L'un des premiers missionnaires à vivre avec les Indiens Lenape (nom européen : Delaware) de Pennsylvanie - mentionné par Kafton-Minkel dans son ouvrage Mondes souterrains— Il a écrit que « les Indiens considèrent la Terre comme leur mère universelle. Ils sont convaincus qu'ils ont été créés dans son sein, où ils ont longtemps eu leur demeure, avant de vivre à la surface. Ils prétendent que lorsque le grand, bon et omnipotent Esprit les a créés, il l'a sûrement fait parce qu'il croyait que le bon moment était venu de permettre la jouissance de toutes les bonnes choses qu'il avait préparées sur Terre, mais a sagement décrété que la première phase de l'existence humaine a eu lieu dans son sein, comme le nouveau-né se forme et commence son développement dans le sein de la mère naturelle ». Le même missionnaire ajoute aussi que les mythes indiens « ne s'accordent pas sur la forme des hommes durant leur existence dans le sein de la Terre.
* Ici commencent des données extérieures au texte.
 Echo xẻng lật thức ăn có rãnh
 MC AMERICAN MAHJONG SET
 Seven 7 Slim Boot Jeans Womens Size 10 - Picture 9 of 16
Certains prétendent qu'ils avaient une forme humaine tandis que d'autres, plus conséquents, sont convaincus que la forme était la même que celle de certains animaux terrestres, comme la marmotte, le lapin ou la tortue » (Walter Kafton-Minkel, Mondes souterrains, p.28).

Iroquois

Dans une version iroquoise du mythe de l'émergence, les premiers humains souterrains avaient déjà une forme humaine, mais ils vivaient comme des bébés, comme des bébés en gestation dans le ventre de leur mère. Un mythe recueilli par un missionnaire parmi ce peuple d'Esquimaux de l'extrême nord dit qu'« ils habitaient le pays, où il faisait noir et où le soleil ne brillait pas. […] Ganawagahha, ayant découvert par hasard un trou menant à la surface, sortit et, errant sur la terre, trouva un cerf qu'il ramena avec lui ; tant pour le bon goût de la viande que pour la description favorable qu'il faisait du paysage, leur mère décida que le mieux pour tout le monde était de sortir. Alors ils l'ont fait, et immédiatement ils ont commencé à planter du blé, etc. Cependant, le Nocharauosul, c'est-à-dire la marmotte, n'est pas sorti, préférant rester sous terre comme avant" (Walter Kafton-Minkel, Mondes souterrains, p.29). Le mythe iroquois véhicule l'idée qu'il y a un prix à payer pour ne pas sortir du ventre maternel au bon moment, décider aussi de rester dans l'obscure sécurité du ventre maternel : l'homme primordial qui ne voulait pas sortir, Nocharauosul, refusant d'indépendance et de maturité, n'a pas connu d'évolution sous forme humaine mais, au contraire, a régressé à l'état animal.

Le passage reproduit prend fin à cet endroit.